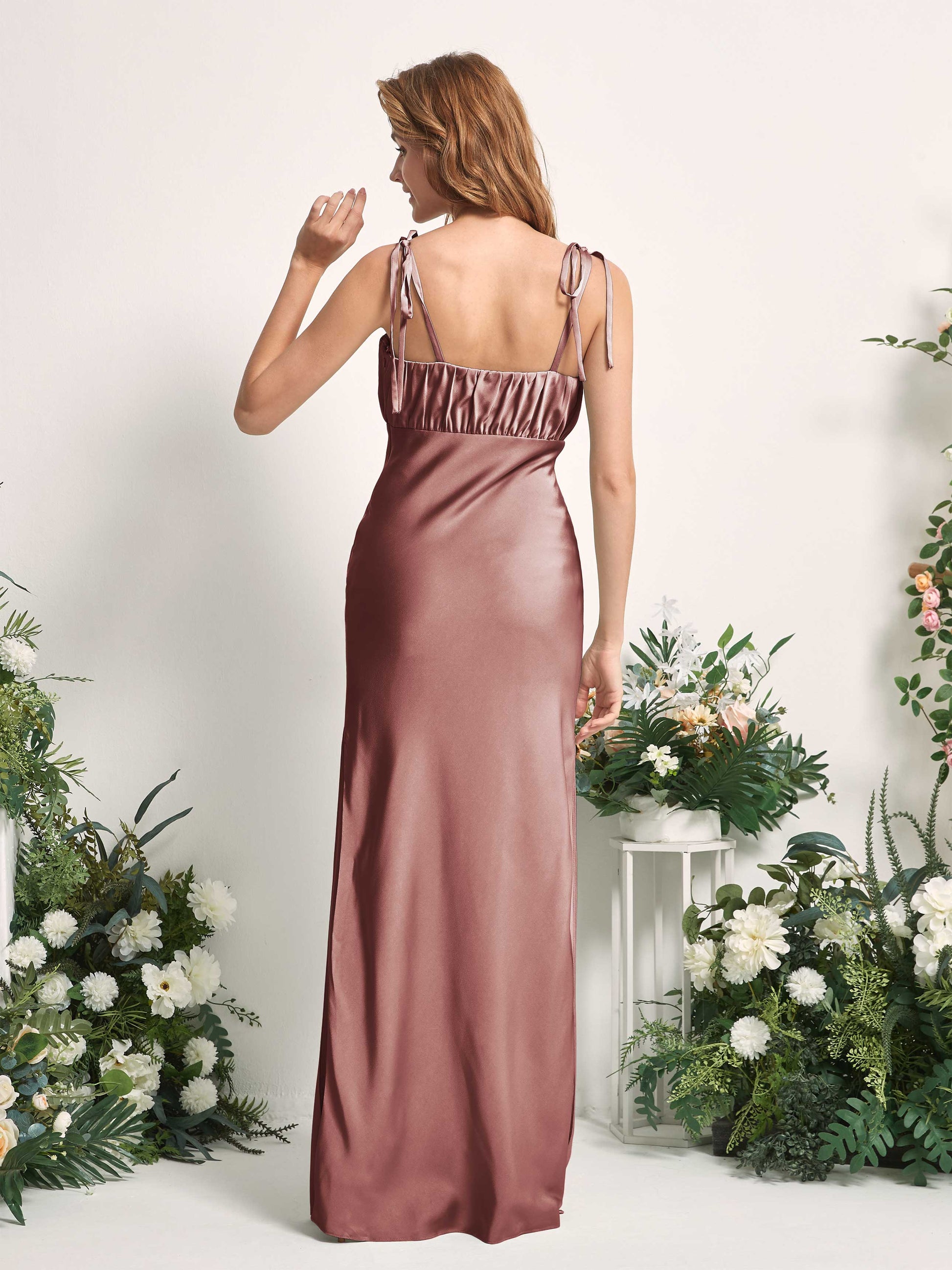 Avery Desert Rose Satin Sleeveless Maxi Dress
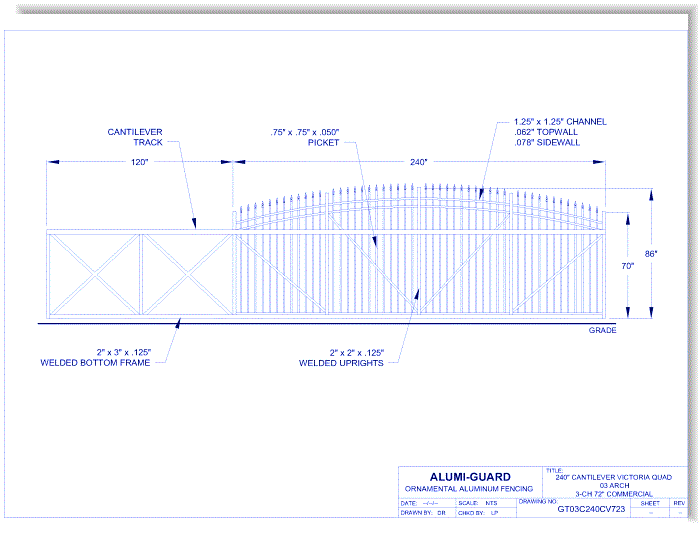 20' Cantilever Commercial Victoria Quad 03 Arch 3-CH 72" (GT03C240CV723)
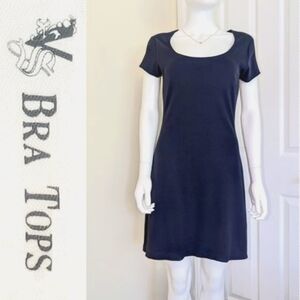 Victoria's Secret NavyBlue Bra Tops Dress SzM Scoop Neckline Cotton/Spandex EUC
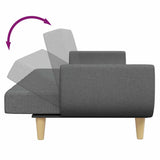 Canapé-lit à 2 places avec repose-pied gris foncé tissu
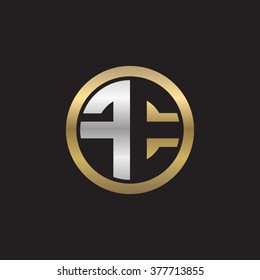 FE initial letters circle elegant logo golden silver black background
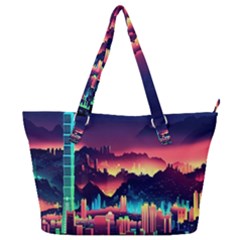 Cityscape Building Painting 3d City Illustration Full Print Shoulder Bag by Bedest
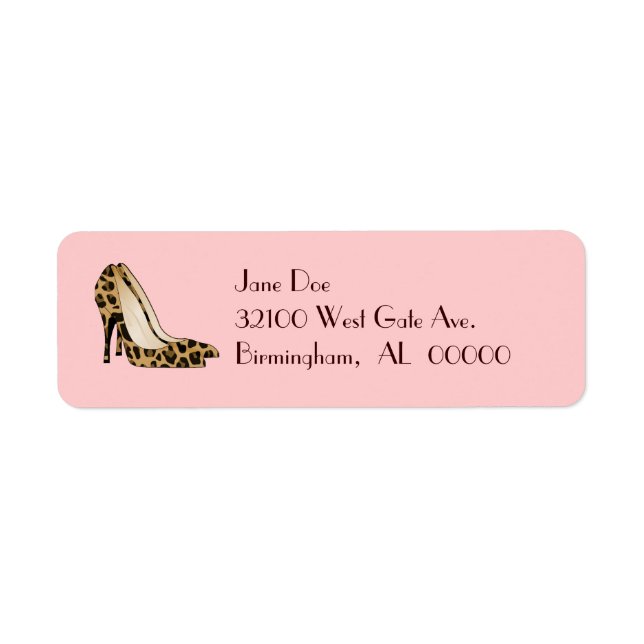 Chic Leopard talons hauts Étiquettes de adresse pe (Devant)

| What the task asks |
Extract, word for word, each line from the one that contains "FE initial letters" through the final line of the data above. Leave the pictures out.

| Result |
 FE initial letters circle elegant logo golden silver black background
 Cityscape Building Painting 3d City Illustration Full Print Shoulder Bag by Bedest
 Chic Leopard talons hauts Étiquettes de adresse pe (Devant)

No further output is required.